Industry and Competition

Asset Liquidation

     Our asset liquidation business is involved primarily in the purchase and sale, including at auction, of industrial machinery and equipment, real estate, inventories, accounts receivable and distressed debt. The market for these assets is highly fragmented. To acquire assets for resale, the Company competes with other liquidators, auction companies, dealers and brokers. It competes for potential purchasers with other liquidators and auction companies, as well as with equipment manufacturers, distributors, dealers and equipment rental companies. Some of our competitors have significantly greater financial and marketing resources and name recognition.

     Counsel RB’s business strategy includes the option of partnering with one or more additional purchasers, pursuant to a partnership, joint venture or limited liability company agreement (collectively, “Joint Ventures”). These Joint Ventures allow Counsel RB to have access to more opportunities, and to mitigate some of the competition from the market’s larger participants.

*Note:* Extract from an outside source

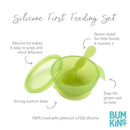 Bumkins - Silicone Feeding Set with Suction for Baby and Toddler, Green Jelly Image 2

CRBCI’s 2011 and 2012 acquisitions of Equity Partners and Heritage Global Partners have resulted in Counsel RB being able to offer a full-service industrial auction division, an asset-based debtor in possession (“DIP”) facility and a valuation practice to provide equipment appraisals to companies and financial institutions. The Company’s expansion of its operations into Europe in the fourth quarter of 2012 is consistent with this strategy.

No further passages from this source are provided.